Improving wheat yield estimates using data augmentation models and remotely sensed biophysical indices within deep neural networks in the Guanzhong Plain, PR China

Crop yield estimation and prediction constitutes a key issue in agricultural management, particularly under the context of demographic pressure and climate change. Currently, the main challenge in estimating crop yields based on remotely sensed data and data-driven methods is how to cope with small datasets and the limited amount of annotated samples. In order to cope with small datasets and the limited amount of annotated samples and improve the accuracy of winter wheat yield estimation in the Guanzhong Plain, PR China, this study proposed a method of combining generative adversarial networks (GANs) and convolutional neural network (CNN) for comprehensive growth monitoring of winter wheat, in which the remotely sensed leaf area index (LAI), vegetation temperature condition index (VTCI) and meteorological data at four growth stages of winter wheat during 2012–2017 were generated as the inputs of multi-layer convolutional neural networks (CNNs), and GAN was employed to artificially increase the number of training samples. Then, a linear regression model between the simulated comprehensive growth monitoring (I) and the measured yields was established to estimate yields of winter wheat in the Guanzhong Plain pixel by pixel. The final results showed when GAN was used to double the size of the training samples, and the simulation values obtained by CNN based on augmented samples using GAN provided a better training (R2 = 0.95, RMSE = 0.05), validation (R2 = 0.54, RMSE = 0.16) and testing (R2 = 0.50, RMSE = 0.14) performance than that just using the original samples. The achieved best pixel-scale yield estimation accuracy of winter wheat (R2 = 0.50, RMSE = 591.46 kg/ha) in the Guanzhong Plain.
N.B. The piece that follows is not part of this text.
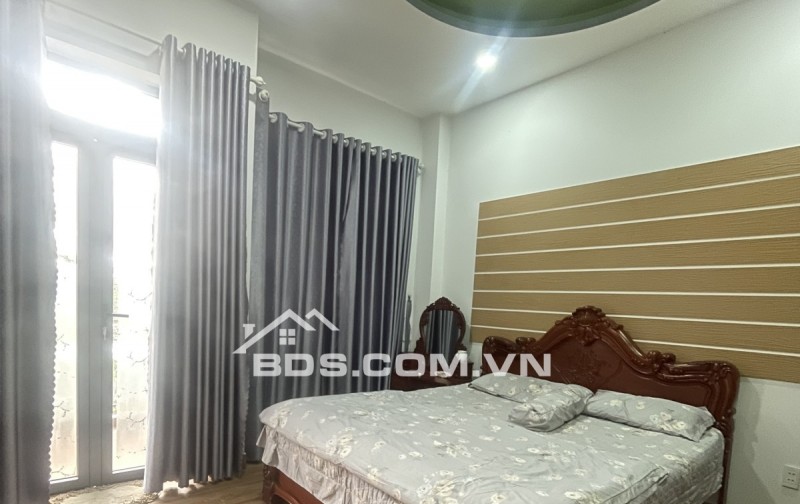 LÊ THỊ RIÊNG QUẬN 12-SIÊU PHẨM NHÀ ĐẸP - KIÊN CỐ VÀO Ở NGAY ĐÓN TẾT TẶNG FULL NỘI THẤT - ĐƯỜNG NHỰA XE TẢI TRÁNH - KHU DÂN TRÍ TOÀN NHÀ CAO TẦNG.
These results showed that small samples can be enlarged by GAN, thus, more important features for reflecting the growth conditions and yields of winter wheat from the remotely sensed indices and meteorological indices can be extracted, and indicated that CNN accompanied with GAN could contribute a lot to the comprehensive growth monitoring and yield estimation of winter wheat and data augmentation methods are extremely useful for the application of small samples in deep learning.